Exercise requirements:
Pictures are to be dropped from the copy. Retype the listing exactly.

Supplied information:
____________
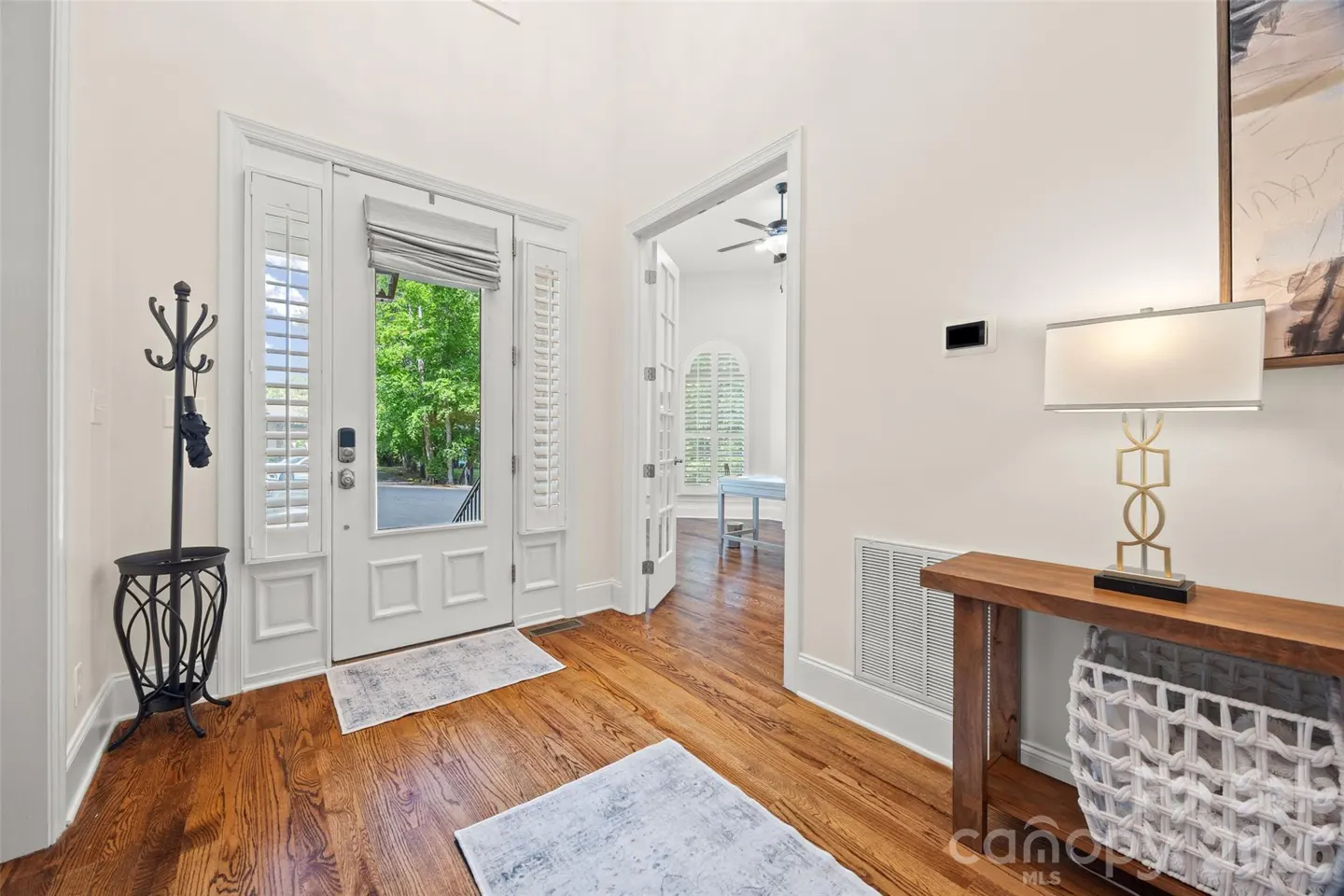 Bright entryway with hardwood floors, white front door with glass, coat rack, and a console table with a lamp.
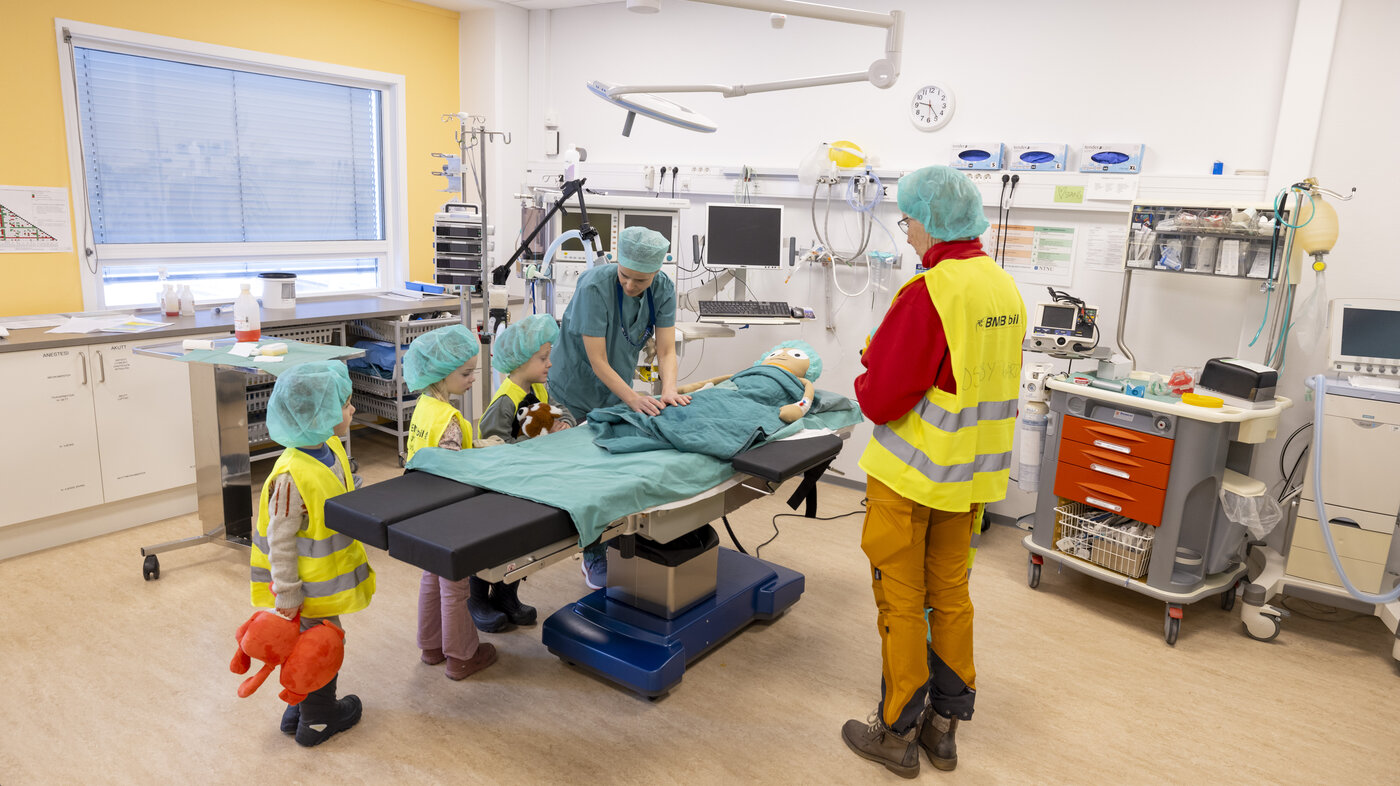 Bildet viser barn sammen med helsepersonell. På båren ligger en tøydukke som blir undersøkt.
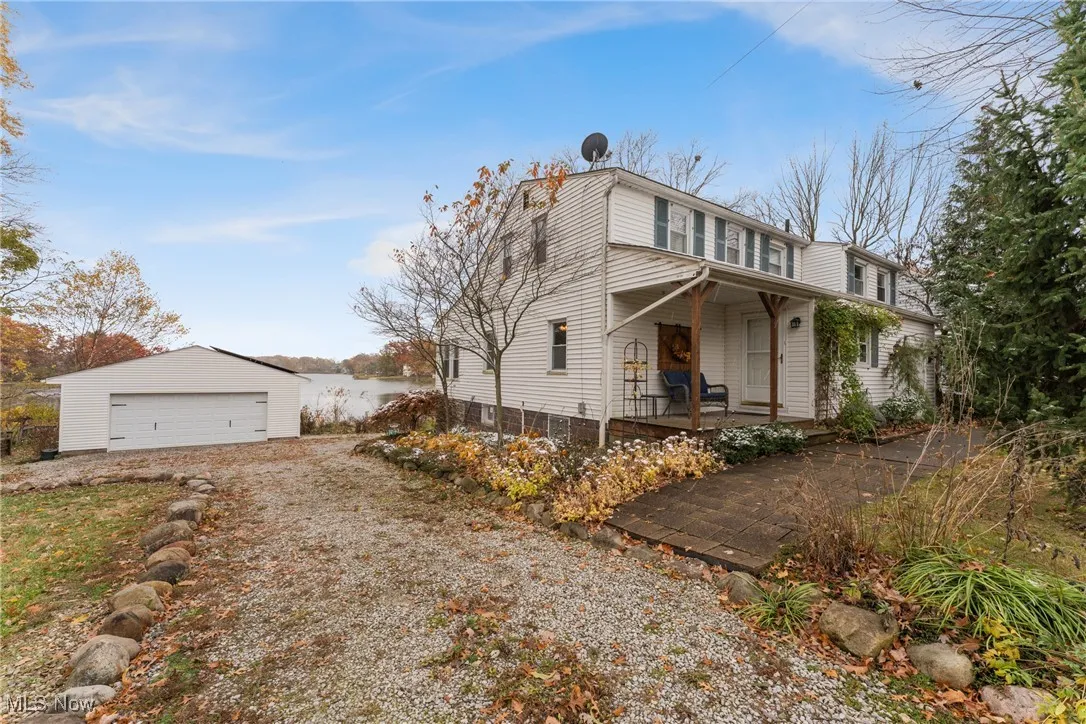 View of home's exterior featuring a garage, an outbuilding, and covered porch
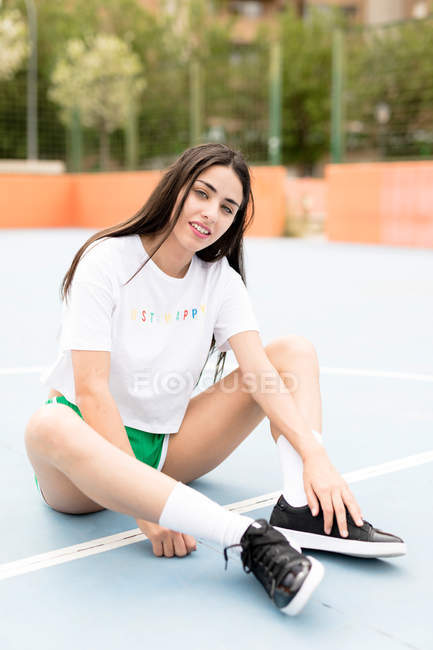 Портрет молодой женщины, сидящей на спортивной площадке — стоковое фото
____________
Answer box:
 Bright entryway with hardwood floors, white front door with glass, coat rack, and a console table with a lamp.
 Bildet viser barn sammen med helsepersonell. På båren ligger en tøydukke som blir undersøkt.
 View of home's exterior featuring a garage, an outbuilding, and covered porch
 Портрет молодой женщины, сидящей на спортивной площадке — стоковое фото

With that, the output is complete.